Wages rose across all industries

 

The MOM report cited higher wage growth across all industries in 2022 compared to 2021. However, the figures varied from industry to industry.

 

Accommodation and Retail Trade reported above-average wage increases of 9.7 and 6.7 per cent, respectively, fuelled by employers’ efforts to attract and retain workers amidst strong tourism demand.

 

Financial Services, Information & Communications and Professional Services also registered high wage increases of 9.0 per cent, 7.7 per cent and 7.6 per cent, respectively, amidst continued manpower demand in these industries.

 

Manufacturing and Wholesale Trade also saw wage growth of 5.7 per cent and 5.8 per cent, respectively.
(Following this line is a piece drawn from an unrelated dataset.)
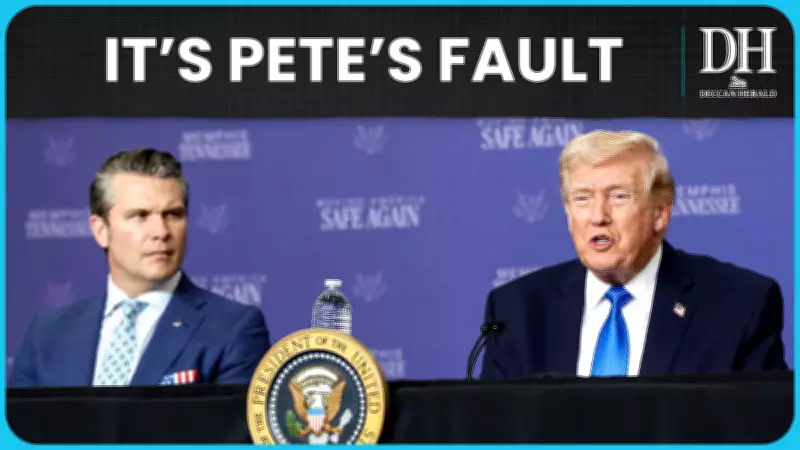 Trump Blames Pete Hegseth for Iran War, Shifts Responsibility in Fox Interview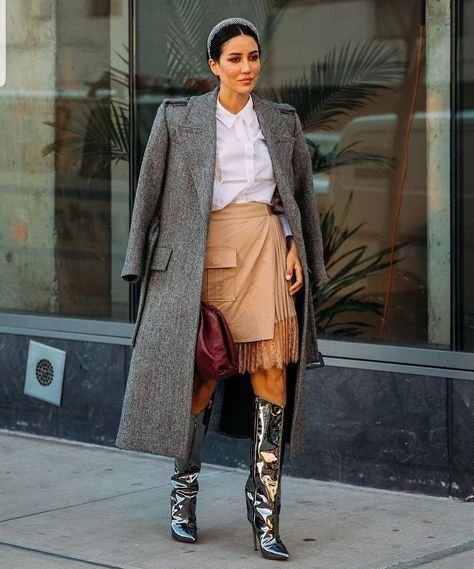 Alexandre Vauthier Boots, Tamara Kalinic, 2020 Street Style, Fashion Newsletter, Top Street Style, Blogger Street Style, New York Fashion Week Street Style, Street Style Shoes, Nyfw Street Style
However, these were lower due to global supply chain disruptions and weakness in trade-related activities.

 

The Labour Movement’s response

 

In a LinkedIn post, NTUC Assistant Secretary-General Patrick Tay stressed that the Labour Movement must push on to help workers amidst the uncertain economic outlook and inflationary pressures despite the positive results.

 

He said: “[We] must not relent in our efforts to better uplift lower-wage workers and also support the broad [middle-income workers], often referred to as the sandwiched class, especially with the rising cost of living, so they do not just enjoy gross, but real wage increases.”

 

Moving ahead

 

The report added that more companies plan to raise workers’ wages in March 2023 compared to December 2022. This was based on MOM’s recent polls on wage expectations in the first quarter 2023.

 

MOM urged employers to push ahead with business and workforce transformation amidst global developments.

 

To do so, the ministry encouraged employers to tap into Government programmes to adapt to the changing environment and implement the Flexible Wage System (FWS) to bolster resilience and flexibility in wage structures.

 

Employers are encouraged to refer to the FWS guidebook on MOM’s website and approach tripartite partners and the Tripartite Alliance for Fair & Progressive Employment Practices for advice.